> _Exercise details_:
Only the line with "Tranquil moat pond" and the lines after it, through the end of the material, belong in the answer; repeat them exactly.

> _Dataset content_:
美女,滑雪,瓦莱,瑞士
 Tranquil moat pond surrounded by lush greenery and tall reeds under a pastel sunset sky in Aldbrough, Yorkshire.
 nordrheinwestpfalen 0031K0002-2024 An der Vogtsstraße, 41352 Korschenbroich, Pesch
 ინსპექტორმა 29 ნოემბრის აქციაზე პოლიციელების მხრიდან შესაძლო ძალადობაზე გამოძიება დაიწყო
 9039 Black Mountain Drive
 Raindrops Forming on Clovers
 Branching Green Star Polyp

> _Answer area_:
 Tranquil moat pond surrounded by lush greenery and tall reeds under a pastel sunset sky in Aldbrough, Yorkshire.
 nordrheinwestpfalen 0031K0002-2024 An der Vogtsstraße, 41352 Korschenbroich, Pesch
 ინსპექტორმა 29 ნოემბრის აქციაზე პოლიციელების მხრიდან შესაძლო ძალადობაზე გამოძიება დაიწყო
 9039 Black Mountain Drive
 Raindrops Forming on Clovers
 Branching Green Star Polyp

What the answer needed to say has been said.